De route voert zelden over een gewoon pad. Er moet veel geklommen worden, over eindeloze steenvlakten, tussen woest oprijzende granieten zuilen en langs ruige bergkammen. Op veel hellingen lijken kolossale versteende blokkendozen te zijn omgekiept; daar moet je als wande-laar wel de lol van inzien voor je zo'n overweldigend keienveld oversteekt.
In etappes van zes tot acht uur stappen per dag, leggen alleen de doorzetters het traject in vijftien dagen af. Ruim elfduizend wandelaars per jaar klaren de klus, een fractie van de 200 duizend mensen die het pad op z'n minst met een dagtochtje vereren.

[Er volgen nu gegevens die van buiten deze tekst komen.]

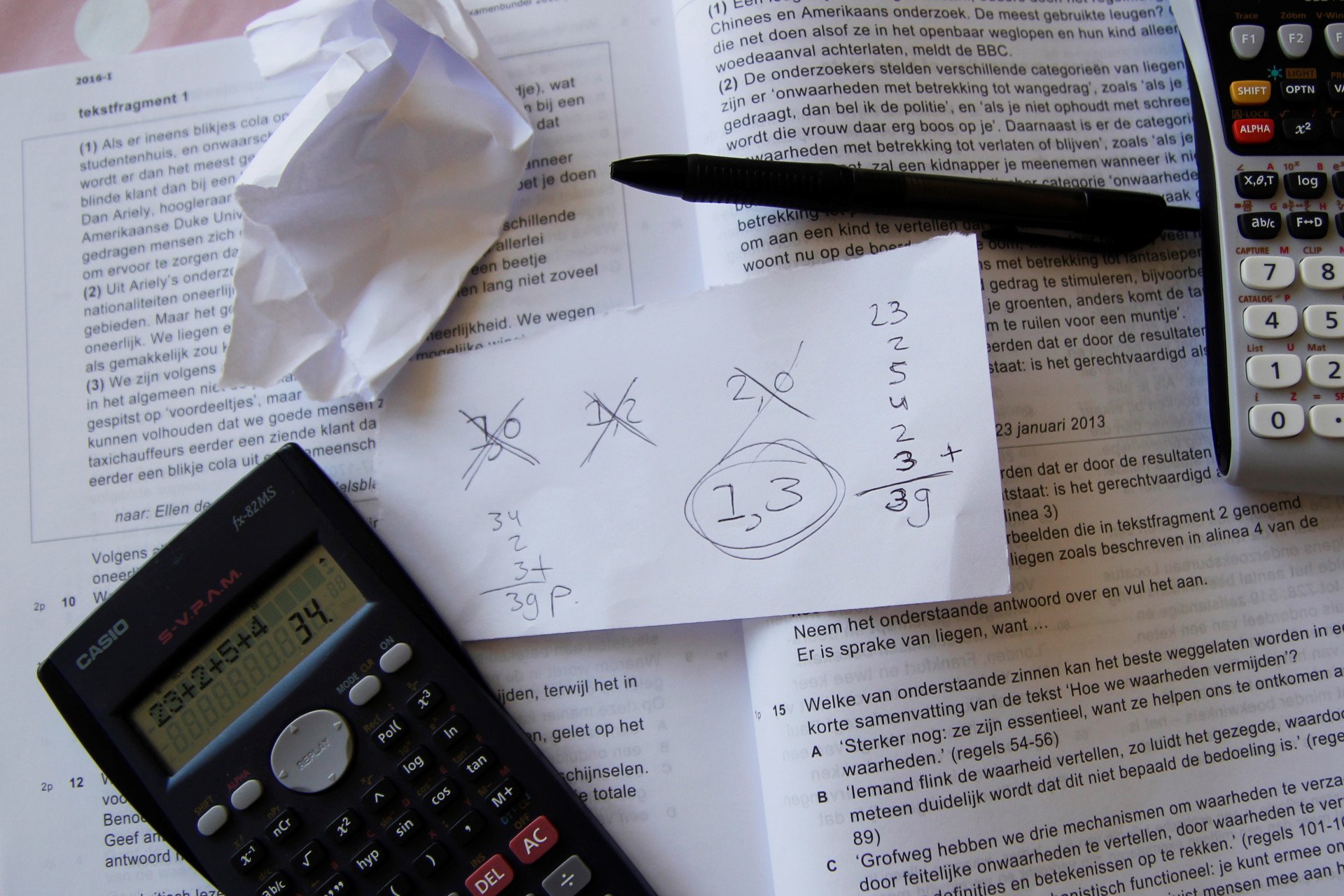 Vernieuwd examenprogramma? Zo werkt de N-term | Eindexamens 2023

Wandelroute-directeur J. Mortini van het PNRC zegt voorlopig nog blij te zijn met de jaarlijkse toename van het aantal wandelaars dat een poging waagt. Al lijkt de route in juli en augustus soms dicht te slibben, het promoten van het Corsicaans gebergte en vrijetijdsbesteding in de vrije natuur is, naast bescherming en beheer van het terrein, een belangrijk streven. 'Maar voor de GR20 geldt dat het inmiddels de route zelf is die de publiciteit verzorgt', zegt Mortini. 'Tot in de verste uithoeken van de wereld wordt er over dit pad geschreven en gesproken; wij hoeven daar niets meer aan te doen.'
Te druk vindt hij het nog niet. 'Er doen zich nog geen problemen voor, en de massale belang-stelling legt de plaatselijke economie geen windeieren.' Van de wandelaars zelf komt die financiële impuls echter niet; zij krijgen onderweg eenvoudigweg de gelegenheid niet om veel geld uit te geven. Wel is er als gevolg van de populariteit gemakkelijker geld los te krijgen voor het beheer, onderzoek en vernieuwende activiteiten. Bij alle werkzaamheden wordt materiaal en mankracht van het eiland ingezet, zodat de bevolking er wel degelijk van profiteert.
Jaarlijks geeft het PNRC ruim 700 duizend Franse francs (212 duizend gulden) uit aan alleen het 'functioneren van de route'. Daar zit het gas en de bevoorrading van de berghutten in, transportkosten, verzekeringen en dergelijke, maar ook een salarisje voor de 'gardiens' die gedurende zes maanden per jaar de dertien hutten langs de route bemannen.
Verder zijn er binnen de parkorganisatie negen mensen in vaste dienst verantwoordelijk voor het feitelijke beheer van de GR20. Zij besteden veel werkzaamheden uit aan bewoners van dorpen langs het pad. Het zijn deze seizoenwerkers, meestal boeren, die uiteindelijk zorgen dat de markering in orde is, en het pad vrij blijft van omgewaaide bomen, verschoven puin en andere hindernissen.
Voor grote veranderingen aan de route, onderzoek en investeringen, moet er geld uit een ander potje komen; veelal wordt dit gevuld vanuit Brussel. Om een idee van de kosten te krijgen, rekent Mortini voor dat met de bouw van bijvoorbeeld een nieuwe berghut, ondanks alle soberheid en eenvoud, al gauw zo'n 4 miljoen francs is gemoeid (1,2 miljoen gulden). Een groot deel van dat geld komt een aanzienlijke groep Corsicanen ten goede.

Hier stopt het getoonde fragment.